We investigated the reusability of the supported photocatalytic system, the TiO₂ nanoparticle-loaded fiber web in the degradation of 4-isopropylphenol at 50 °C. Figure 6 shows the value of k_app obtained for each reaction cycle. The comparable values indicate that the fiber could photo-catalyze the degradation adequately and maintain its photocatalytic activity until the 9th cycle. This result indicates that the three-dimensional crosslinked polymer network continued to support the TiO₂ nanoparticles without suffering degradation. In contrast, the uncross-linked (without heat treatment) poly(NIPA-co-NMA) fiber web dissolved in water.
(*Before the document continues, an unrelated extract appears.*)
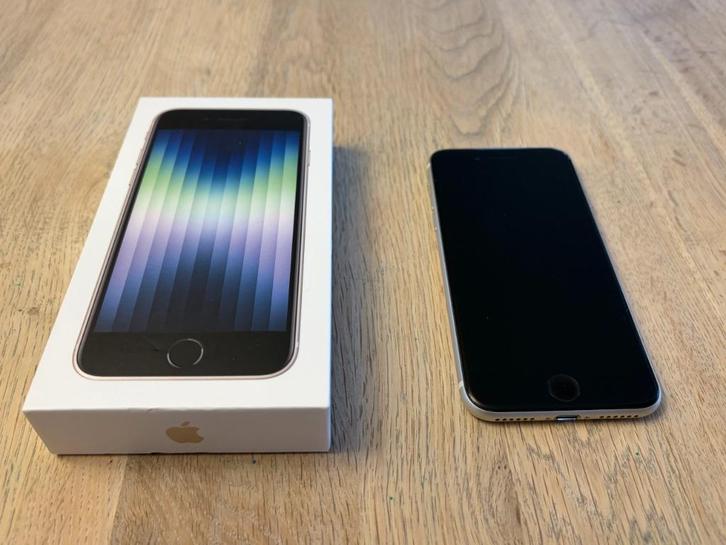 iPhone SE (2022) 64 GB, Telecommunicatie, Mobiele telefoons | Apple iPhone, Gebruikt, 64 GB, Zonder abonnement, Zonder simlock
The TiO₂ nanoparticle-loaded poly(NIPA-co-NMA) fiber web can potentially be used in the continuous treatment of wastewater containing a dilute concentration of organic pollutants such as 4-isopropylphenol and BPA. In this process, the wastewater can be passed through a fixed bed column with the fiber web to be purified by the adsorption process. When large amounts of pollutants accumulate on the fiber web, the supply of wastewater can be stopped temporarily, and the photocatalytic degradation can be initiated through UV irradiation, resulting in the regeneration of the fiber web. By performing these adsorption and photocatalytic degradation steps alternately and periodically, wastewater treatment can be performed in an eco-friendly manner.

4. Conclusions

A TiO₂ nanoparticle-loaded poly(NIPA-co-NMA) fiber web was fabricated by an electrospinning method using a methanol suspension containing the copolymer and commercially available TiO₂ nanoparticles, and then heated to crosslink the polymer via methylene bridges derived from NMA units. SEM and TEM images revealed that TiO₂ nanoparticles were mainly immobilized in an aggregated state within the polymer fibers of ~1 μm diameter. The composite fiber exhibited temperature-dependent adsorption and photocatalytic degradation of 4-isopropylphenol—a byproduct of the degradation of BPA—in aquatic media. The degradation rate was analyzed using a pseudo-first-order kinetic model. The ratio of the apparent reaction rate constant (k_app) of the composite fiber to that of unsupported TiO₂ nanoparticles indicated that the adsorption of 4-isopropylphenol onto the thermosensitive poly(NIPA)-based fibers can enhance the photocatalytic degradation rate. The composite fiber web can be used repeatedly and is suitable to be used in a fixed bed column for a continuous process of periodically alternated adsorption and photocatalytic degradation cycles.